News & Our Thinking

Argent in the News

Blaming the Bogeyman

16 November 2021

(St, Louis Post Dispatch)

November 14, 2021 (Dave Nicklaus)

When Panera Bread went private four years ago, longtime CEO Ron Shaich had nothing good to say about the public markets he was leaving behind.

In a series of interview and speeches, he lambasted Wall Street’s fixation on quarterly results and the activist investors who sometimes targeted his company. “Our public markets have become increasingly shortsighted, and indeed hostile, to companies like Panera,” he told the National Press Club in 2019.

Now, Panera is returning to those very same markets. Panera Brands, which also includes the Einstein Bros. Bagels and Caribou Coffee chains, announced Tuesday that it plans to file for an initial public stock offering.

Shaich is no longer with the company, having left in 2019 amid acrimony over three employees he tried to hire for a new venture. The company’s IPO plans raise an interesting question, though: Have the markets changes, or were the complaints about short-termism exaggerated all along?

Radhakrishnan Gopalan, a professor of finance at Washington University’s Olin Business School, believes the latter. “This idea of public markets and short-termism is a bogeyman that companies raise whenever they want to go private.” he said.
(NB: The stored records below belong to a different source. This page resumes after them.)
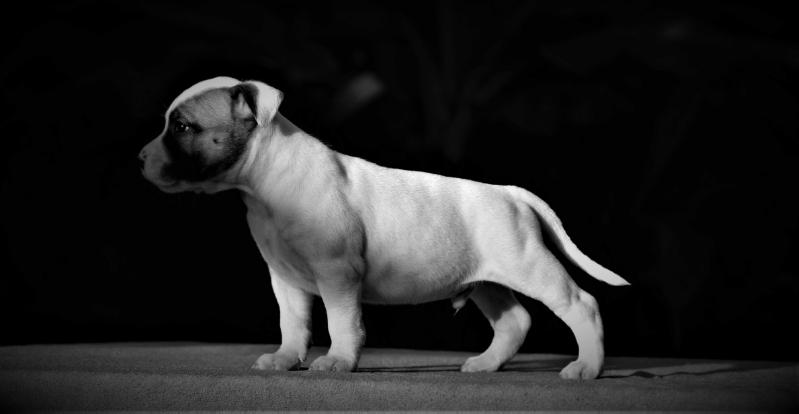 POKER FACE de la start edition | American Staffordshire Terrier 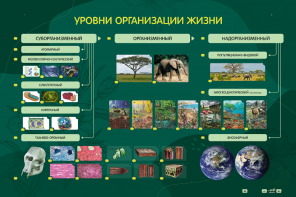 Электрифицированный стенд "Уровни организации жизни" - fgospostavki.ru - Чита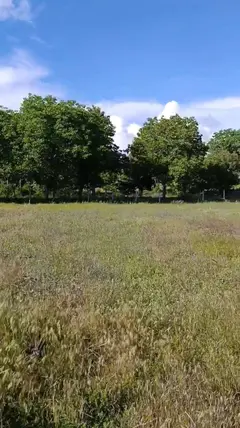 Denizli Tavas Kızılcabölük Mahallesi 3.195 m² satılık tarla arsa - Fotoğraf 2
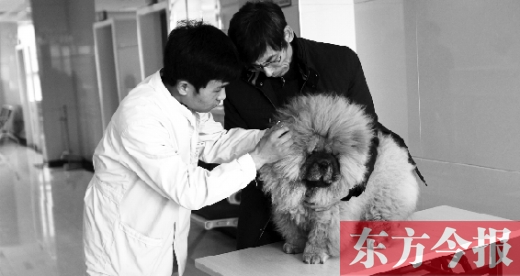 在一家大型寵物醫(yī)院里，生病的狗狗正在接受治療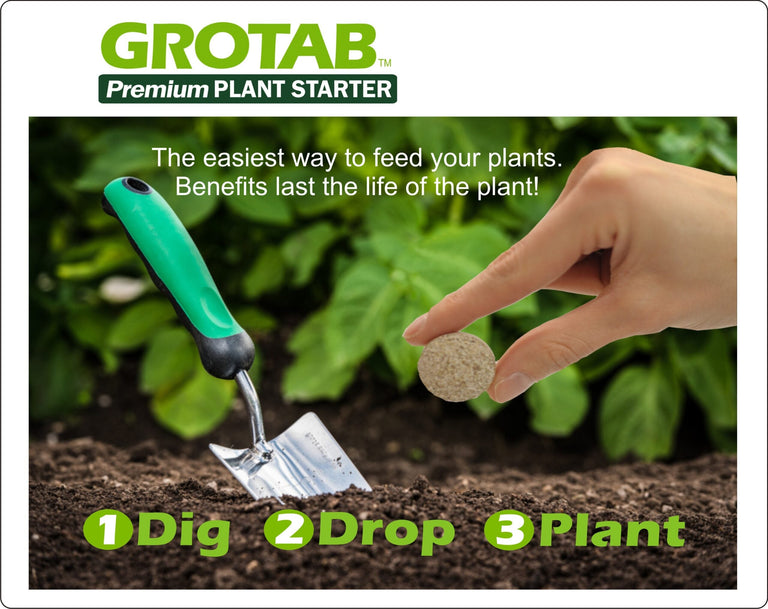 tree planting fertilizer tablets GroTab Fertilizer Tablets 500 count
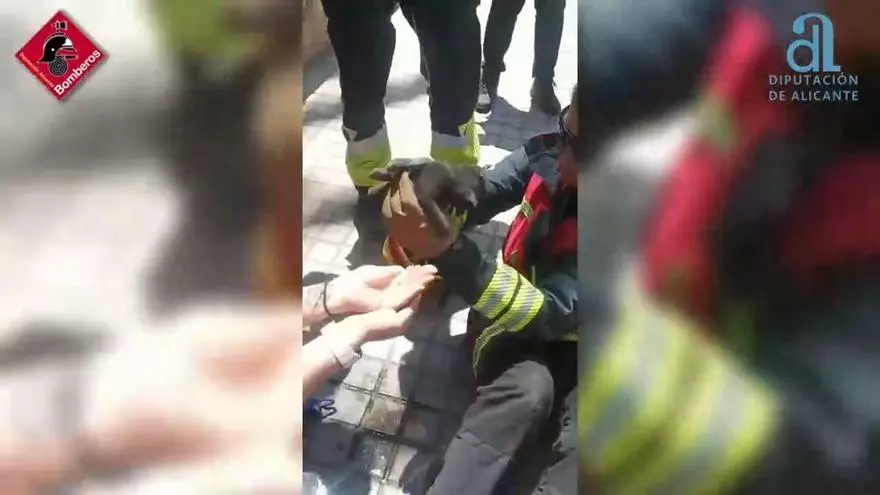 Bomberos rescatan en Elche un gato que se encontraba en el interior del motor de un coche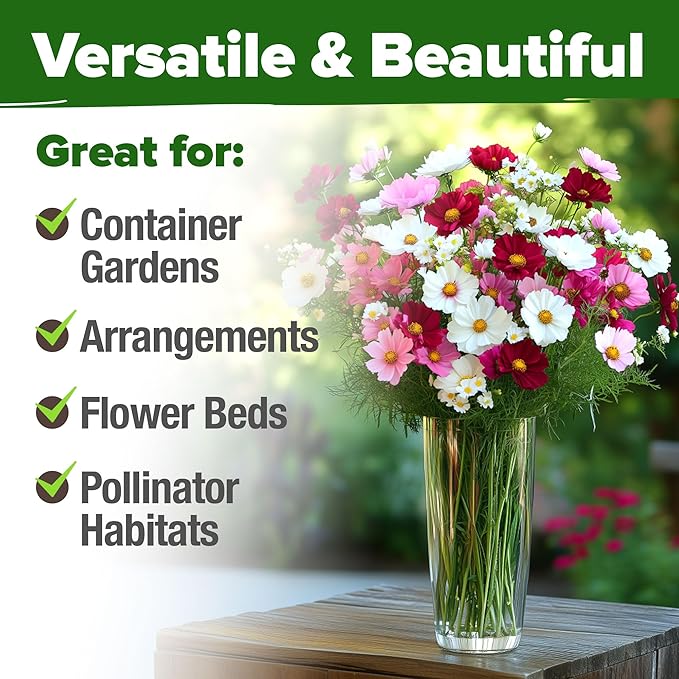 HOME GROWN Cosmos Seeds Bulk Pack (1.8 oz) Annual Flower Seeds for Planting - Heirloom Pollinator Friendly Wildflower Seeds - Grow Cosmo Plant Garden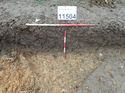 Thumbnail of Photo 170583 north facing section of ditch [911504] taken at Hunts Green Farm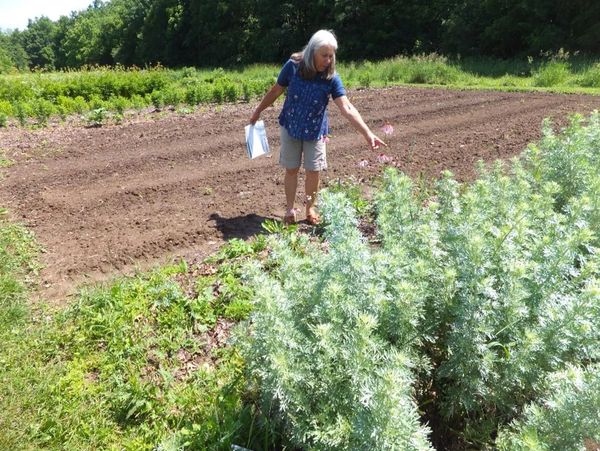 Lavender farms: Wisconsin farmers find uses for aromatic, edible herb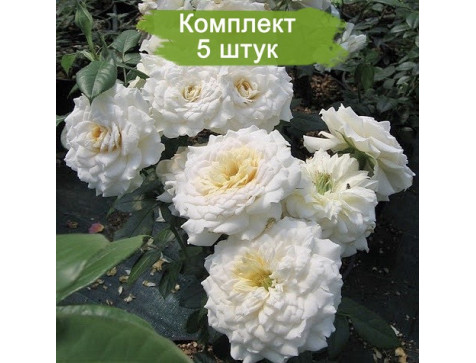 Роза Надин Хелла Риччи (шраб)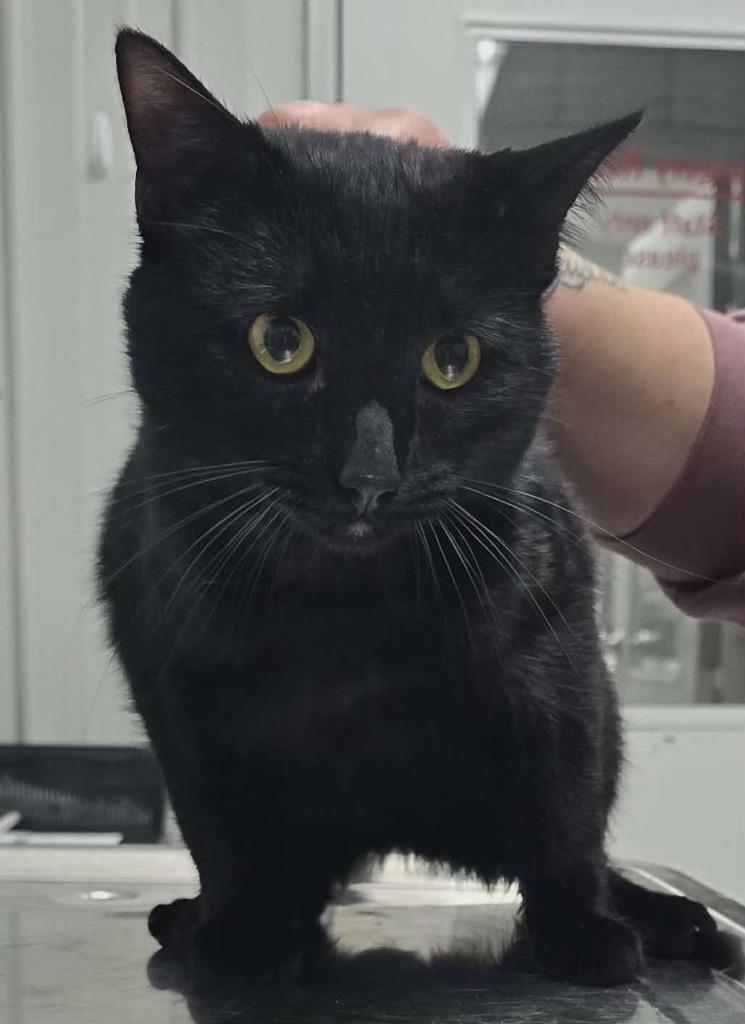 Enlarge Katsu, a Adoptable mixed breed in Hillsdale, IN image 1/1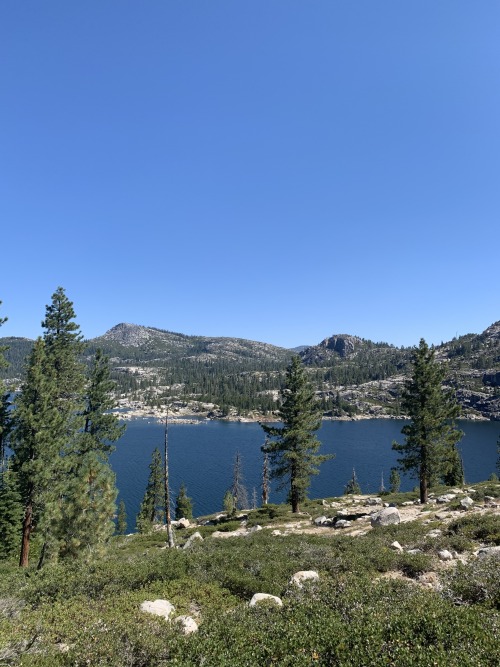 Located 25 miles back on Ice House Road in the Sierra Nevadas is Loon Lake. Its a larger high alpine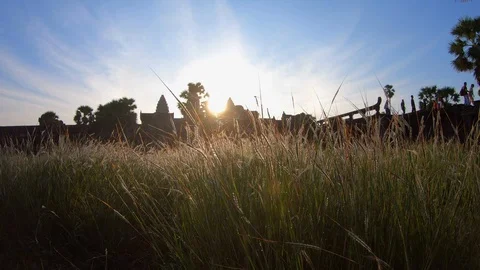 Looking Angkor Wat through meadow grass at Siem Reap, Cambodia Stock-Footage 108150984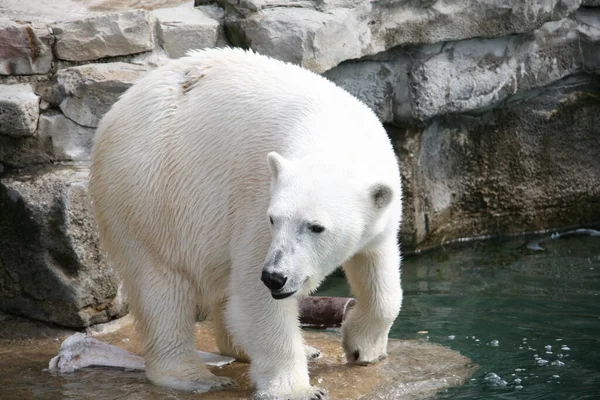 Een Ijsbeer Steen Het Water Dierentuin — Stockfoto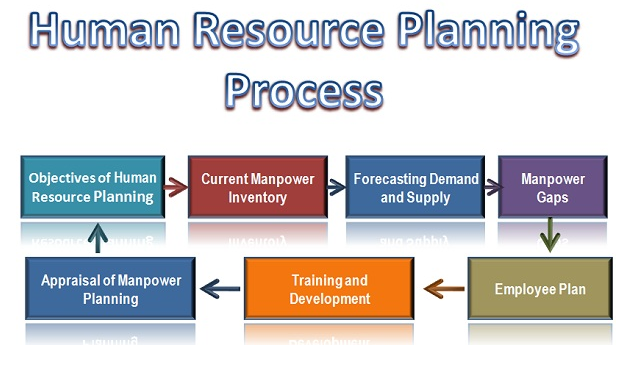 Human resource planning process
Shares do sometimes plummet after a quarterly earnings surprise, but that’s just part of the process of digesting new information. “From the perspective of the CEO, the market may seem to be overreacting to short-term bad news,” Gopalan said. “But research has shown that short-term bad news is often a sign of long-term trouble.”

Going private does bring advantages. Private firms tend to be more nimble, and their owners are often willing to shoulder more debt, which has tax advantages and can magnify returns.

Being publicly traded also has its pluses. Public companies can tap enormous pools of capital and can use their shares to compensate employees or buy other businesses.

For anyone who’s scared of activist investors, the private-equity world is the wrong place to look for refuge. According to one survey, private equity owners replace 58% of CEOs within two years of buying a company.

“If you go private, you have a private equity firm looking over your shoulder and they are more activist than any activist in the public markets,” Gopalan said.

Meanwhile, it’s not hard to find examples of public markets being extremely patient and forward-looking. Amazon and Tesla lost money for years, but investors believe in their visions.

Ken Crawford, senior portfolio manager at Argent Capital Management, doesn’t put too much emphasis on short-term results, and he doesn’t think other investors do either. “Investors realize that short term gains are nice to have, but they give management the benefit of the doubt over the long term,” he said.

The largest owners of public companies these days tend to be index funds, which are the ultimate buy-and-hold investors. Private buyers don’t necessarily have such a long-time horizon.

“They might not be quarter-to-quarter focused, but most private equity funds are looking to sell to another buyer, or go public, in three to five years,” said Richard Ryffel, director of wealth management at Clayton-based First Bank.

As it happens, that’s exactly how long JAB Holding, a Luxembourg company controlled by Germany’s Reimann family, kept Panera private.

Shaich was targeted by activist investors a couple of times, but he fought them off and delivered investors a 9,000% return over 18 years. The public markets provided the capital for Panera to grow from fewer than 100 bakery cafes to 2,000 and the company was worth $7.5 billion when JAB bought it.

Those are pretty good results for someone operating allegedly hostile territory.